In the plaintiff's reply brief, it questions for the first time whether the database of incoming and outgoing official correspondence from the Secretary and Deputy Secretary of Defense were searched with appropriate key words following the expansion of the defendant's initial search for responsive documents. Pl.'s Mem. at 19. Moreover, the plaintiff suggests that the defendant is required to explicitly describe what documents are contained in that database, and that responsive documents therein were included in the Vaughn index. Id. This argument has no merit. The database was searched with very broad terms including the terms "military commission" and "military orders," Pl.'s Opp'n, Ex. 6 ¶ 3. The plaintiff does not suggest that these terms were to narrow, nor does the plaintiff provide other terms it believes would have been more appropriate. And this Court can think of none. What the plaintiff is advancing is nothing more than pure speculation.
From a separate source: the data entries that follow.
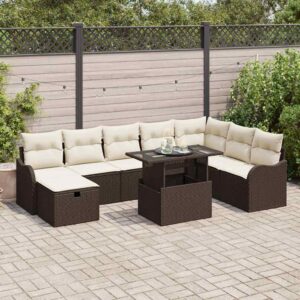 Set Divano da Giardino con cuscino 9 pcs Marrone Poly Rattan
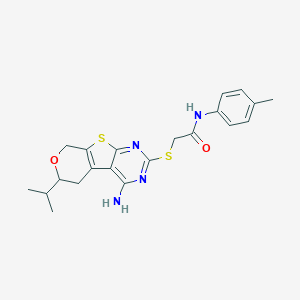 2-{[4-amino-6-(propan-2-yl)-5,8-dihydro-6H-pyrano[4',3':4,5]thieno[2,3-d]pyrimidin-2-yl]sulfanyl}-N-(4-methylphenyl)acetamide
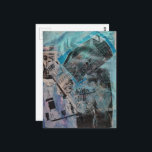 The Retro Working Man Trunk and Saws Collage Postcard<br><div class="desc">A mixed media collage made and photographed by Angelandspot in the year 2026 with vintage images in black and white from a wood working book from the 1950s era combined with some other papers and paints in a mixed media collage format</div>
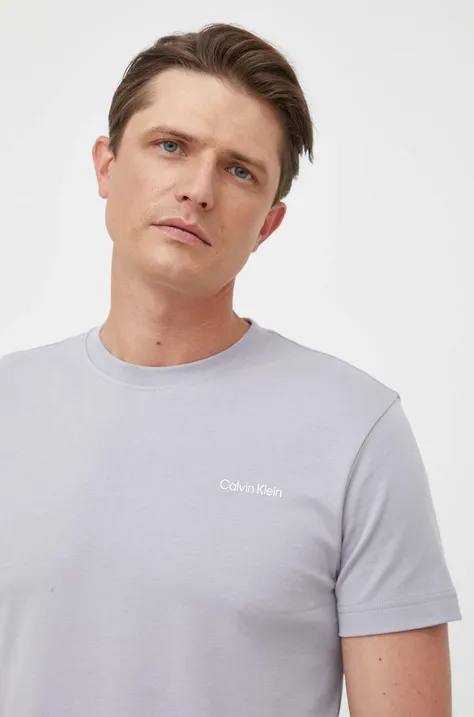 Хлопковая футболка Calvin Klein цвет серый однотонная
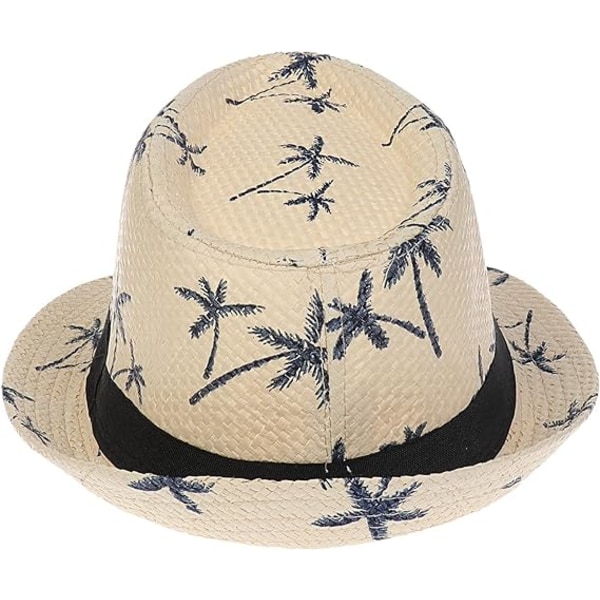 Hawaiian Fedora stråhatter for menn Kvinner Unisex Panama Sommer Sol Jazz Kostyme Party Cap (Lys Khaki)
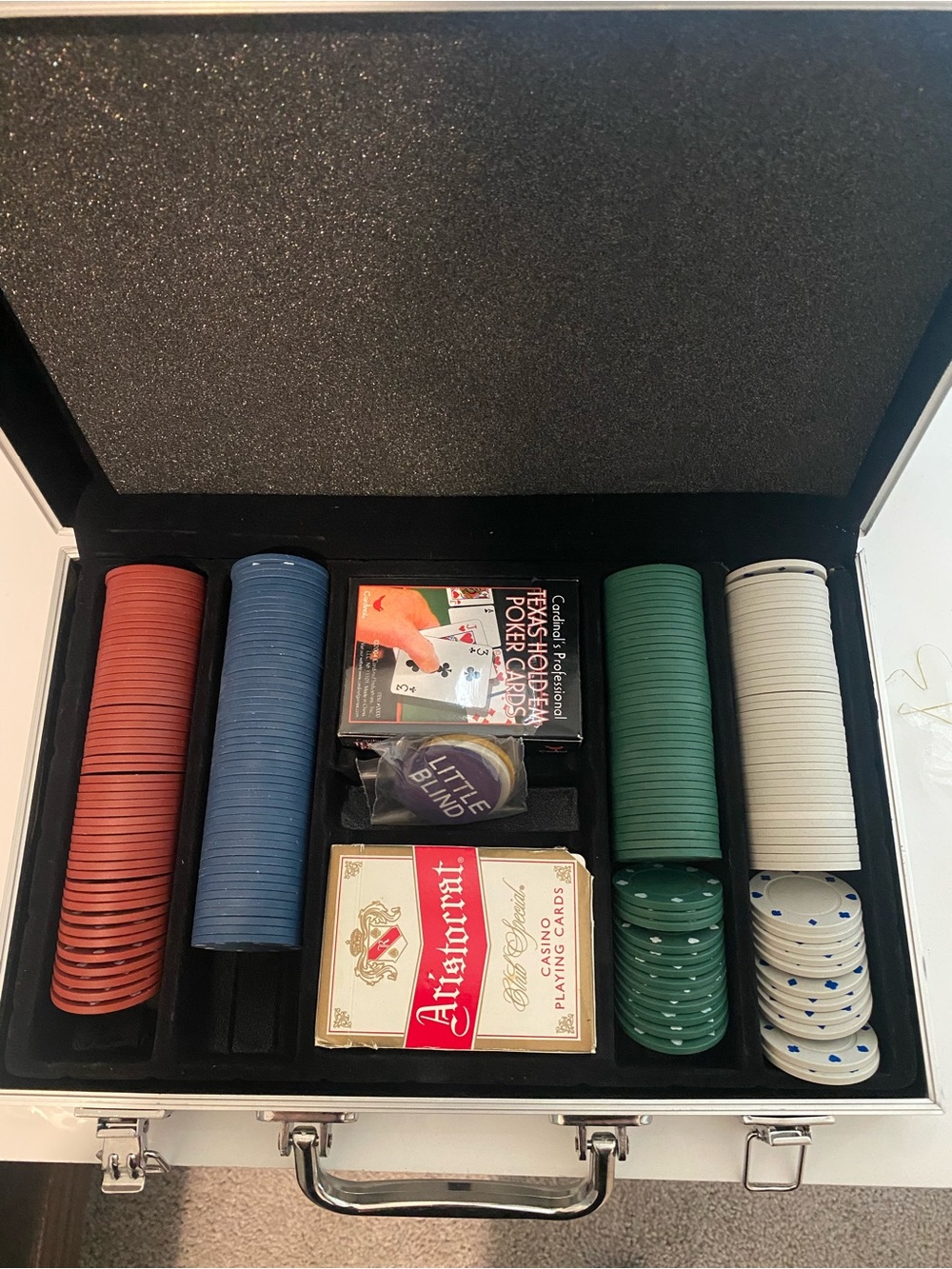 Professional Poker Chip Set with Playing Cards - Red, Blue, Green, White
IV. ConclusionThis Court is troubled by the government's failure to timely and adequately respond to the plaintiff's FOIA request. But for the filing of this action, the DoD may never have complied with its obligations under the FOIA. "The basic purpose of [the] FOIA is to ensure an informed citizenry, vital to the functioning of a democratic society, needed to check against corruption and to hold the governors accountable to the governed." NLRB v. Robbins Tire Rubber Co., 437 U.S. 214, 242 (1978). Here, the DoD acted only with the prodding brought about by this litigation. This is not how a government agency should comply with its statutory obligations. Nevertheless, the DoD has now responded to the plaintiff's FOIA request, as it should have done earlier, and as this Court has found, the defendant has now also adequately searched for responsive documents, a search that was not conducted in bad faith. Moreover, the defendant has properly withheld documents pursuant to Exemption 5. However, the documents withheld pursuant to 10 U.S.C. § 130c have not been properly designated as exempt from public disclosure by the Secretary, and thus the defendant has not properly invoked Exemption 3. Nevertheless, this Court will afford the defendant the opportunity to correct its flawed assertion of Exemption 3, and permit it to refile a renewed summary judgment motion before definitively concluding that Exemption 3 has been improperly invoked.
An Order consistent with the Court's ruling accompanies this Memorandum Opinion.